Pembangunan Laboratorium Kebun Percobaan Politeknik Negeri Ketapang menjadi sorotan setelah tim media menemukan adanya ketidaksesuaian antara kualitas bangunan dengan anggaran yang dialokasikan dari APBN tahun 2024. Dengan nilai kontrak sebesar Rp 199.679.000, proyek ini seharusnya selesai pada tanggal 31 Desember 2024, namun terlihat masih ada tukang yang bekerja di lokasi pada 3 Januari 2025.
Investigasi media juga mengungkapkan bahwa bangunan laboratorium kebun percobaan ini jauh dari standar yang seharusnya, dengan desain yang sederhana dan kurang dari elemen esensial seperti air, listrik, plafon, dan lainnya. Hal ini mengundang dugaan adanya markup anggaran yang mencurigakan, mengingat nilai proyek yang signifikan namun hasil fisik bangunan yang tidak memadai.
Dalam konteks ini, peran Pejabat Pembuat Komitmen (PPK), Suratmin, dan Ketua Satuan Pengawas Internal (SPI), Betti, dalam mengelola proyek ini menjadi pertanyaan besar. Aturan bahwa pembayaran tidak boleh dilakukan sebelum proyek mencapai penyelesaian 100% tampaknya tidak dilaksanakan dengan baik, yang berpotensi melanggar prinsip akuntabilitas dan transparansi dalam pencairan dana APBN.
Demi menjaga integritas dan akuntabilitas, penting bagi Aparat Penegak Hukum (APH), Badan Pengawasan Keuangan dan Pembangunan (BPKP), serta Badan Pemeriksa Keuangan (BPK) untuk melakukan audit mendalam terhadap proyek ini. Hal ini mencakup pengecekan spesifikasi bangunan, proses pembayaran, serta peran pengawas internal dalam pengawalan proyek.

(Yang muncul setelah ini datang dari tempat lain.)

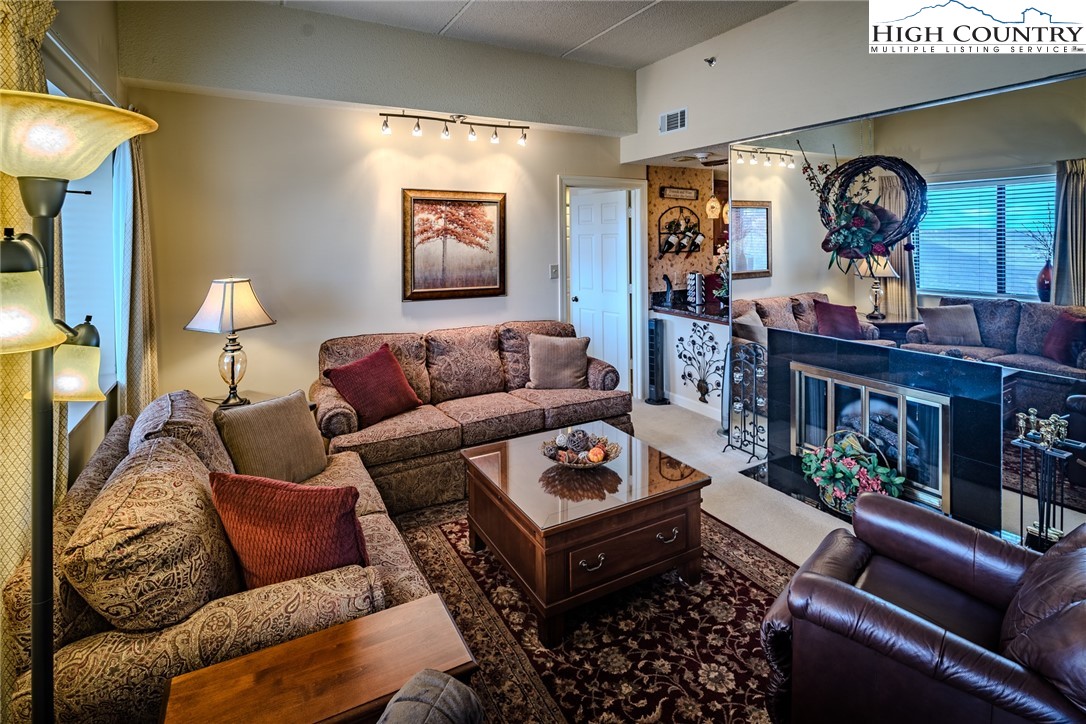 303 Sugar Top Drive, Unit 43427 Sugar Mountain, NC 28604 - Photo 4 of 18 a living room with furniture and a wooden floor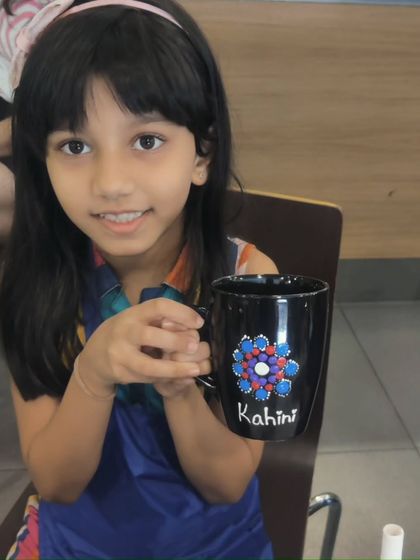 A guest at Kiara's party proudly shows her personalized mug, complete with her name, Kahini.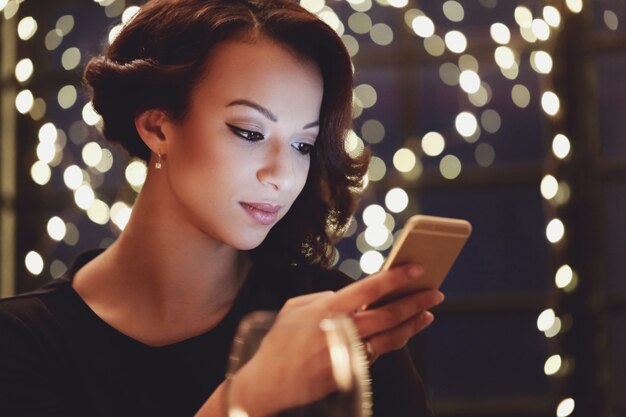 Vrouw in restaurant met behulp van de smartphone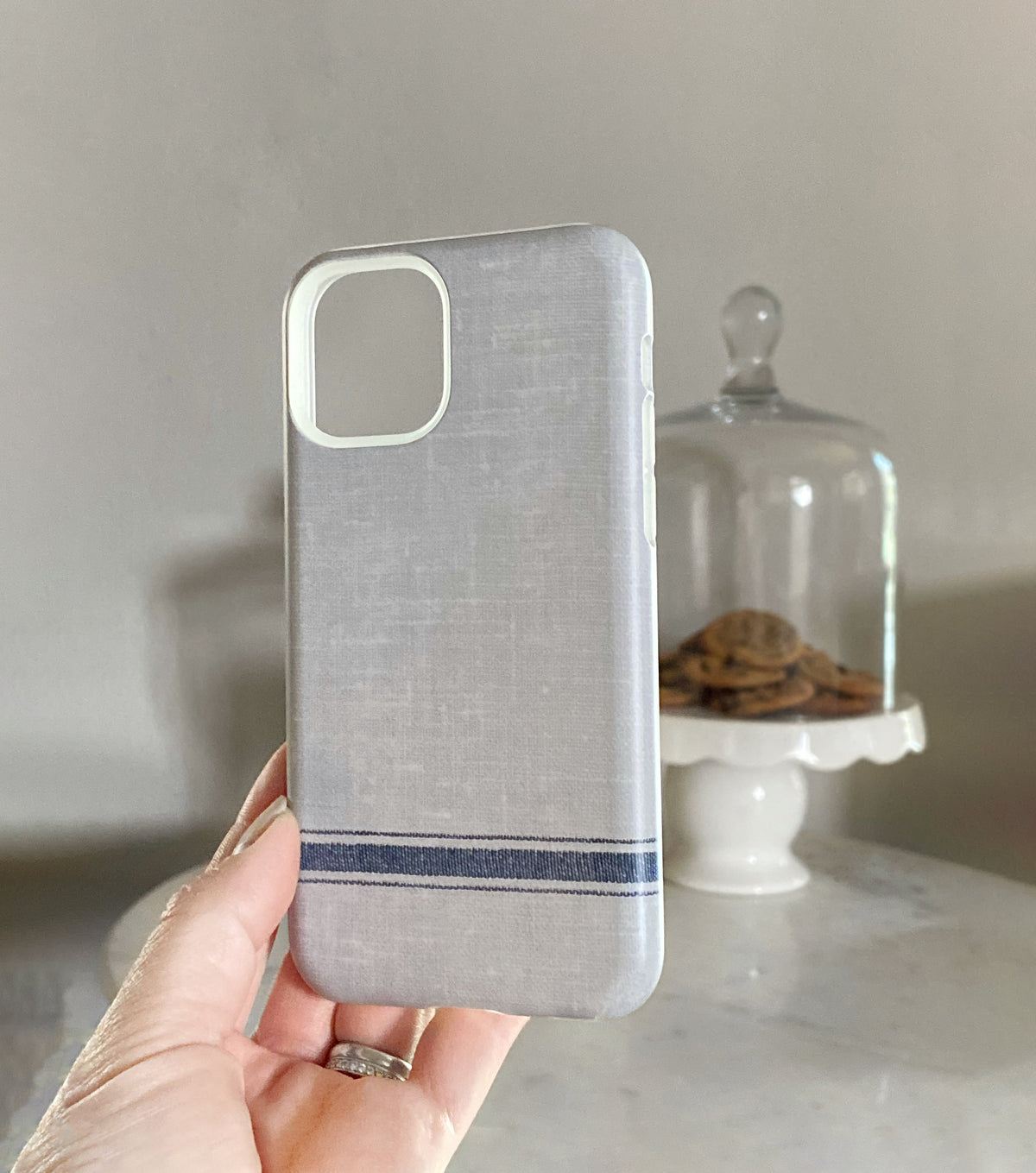 french stripe on gray linen iphone 11 pro case held in front of cookie platter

Perbedaan keterangan antara narasumber juga menimbulkan kebingungan, di mana Julian Purnomo menyatakan bangunan sudah selesai sesuai anggaran, sementara Suratmin yang merupakan PPK proyek memberikan keterangan berbeda. Ketidaksesuaian ini semakin memperkuat dugaan adanya masalah dalam pelaksanaan proyek pembangunan laboratorium kebun percobaan Politeknik Negeri Ketapang.